Taxi association crashes Gauteng’s decision over routes

The Gauteng government’s decision to terminate the taxi routes of the Witwatersrand African Taxi Association (Wata) has been successfully challenged in court. 

Wata, a taxi formation that operates in Soweto, interdicted the Gauteng Provincial Regulatory Entity (GPRE) at the Johannesburg High Court.


The court also interdicted the GPRE for the January 16 decision it took to award the right to load passengers to the Nancefield Dube West Taxi Association (Nanduwe).

This judgment was handed down electronically on Monday by Judge Stuart Wilson. 

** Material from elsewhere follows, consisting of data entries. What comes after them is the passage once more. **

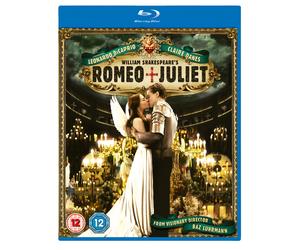 Romeo and Juliet (Blu-ray) Pete Postlethwaite Paul Sorvino Miriam Margolyes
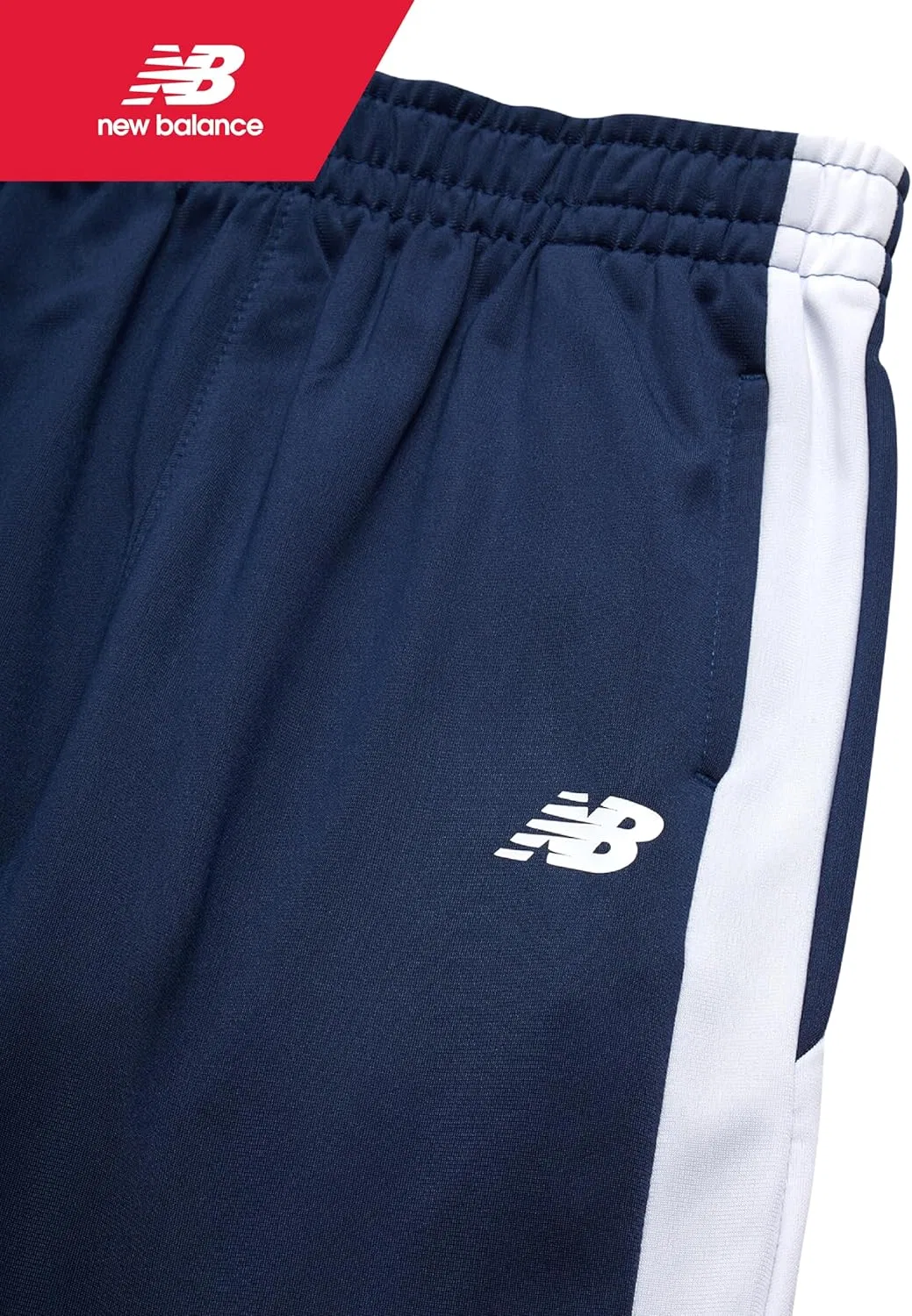 Детский спортивный костюм New Balance 2 предмета, Navy — фото 4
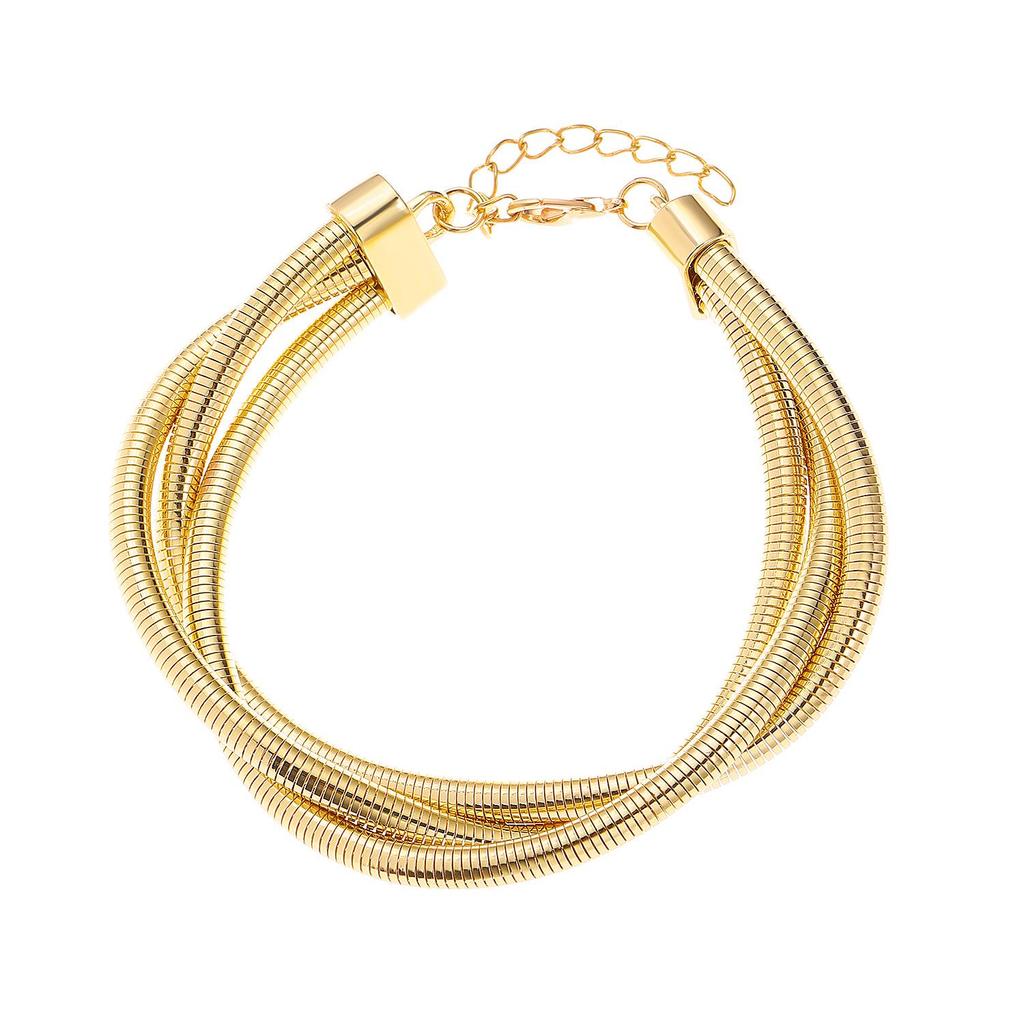 European-American Metal Punk Spring Necklace Bracelet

On February 25, Wata, an association of just over 700 taxi owners, some of which operate along routes in Soweto, brought an application before the high court to seek an interim relief order restraining the implementation of the January 16 decision on the basis that it is prima facie unlawful.

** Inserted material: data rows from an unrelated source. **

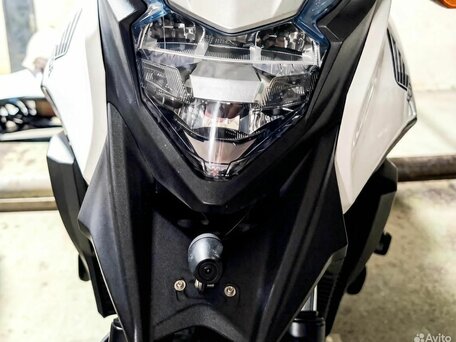 2017 Honda CB 400X, красный, 570000 рублей, вид 2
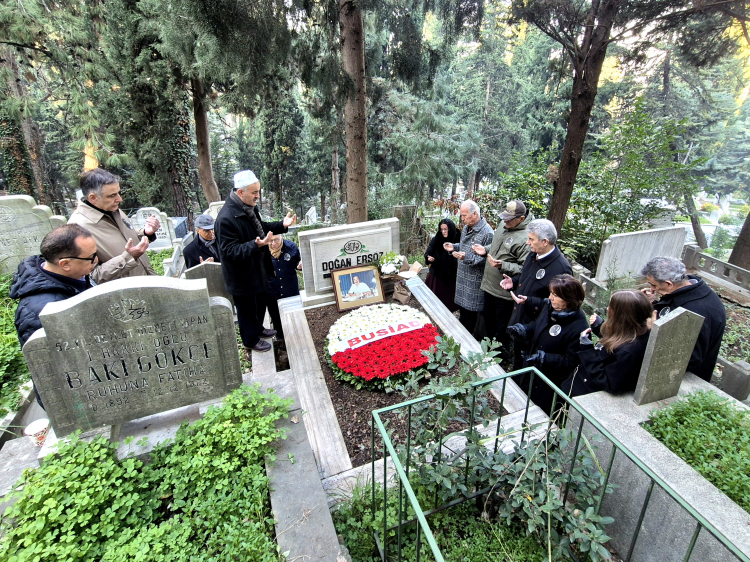 Bursa iş dünyası, Doğan Ersöz’ü unutmadı!-Bursa Hayat-3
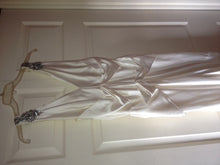 Load image into Gallery viewer, Vera Wang V-neck Silk Old Hollywood Wedding Dress - Vera Wang - Nearly Newlywed Bridal Boutique - 4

Overseeing public transport

On January 16, the GPRE, established by the Gauteng roads and transport MEC, notified Wata of its decision to award the right to load passengers and to terminate its taxi journers on specified routes operated by Wata members to Nanduwe.

According to evidence presented during the court hearing, the GPRE is part of the department and consists of “dedicated officials”.

The GPRE’s statutory functions are to “monitor and oversee public transport” in Gauteng and to “receive and decide on applications relating to operating licences for intra-provincial transport where no municipality exists to which the operating licence function has been assigned”. 

Wata was the applicant in the matter, and GPRE was the first respondent, along with Nanduwe as the second respondent and the Gauteng roads and transport MEC as the third respondent.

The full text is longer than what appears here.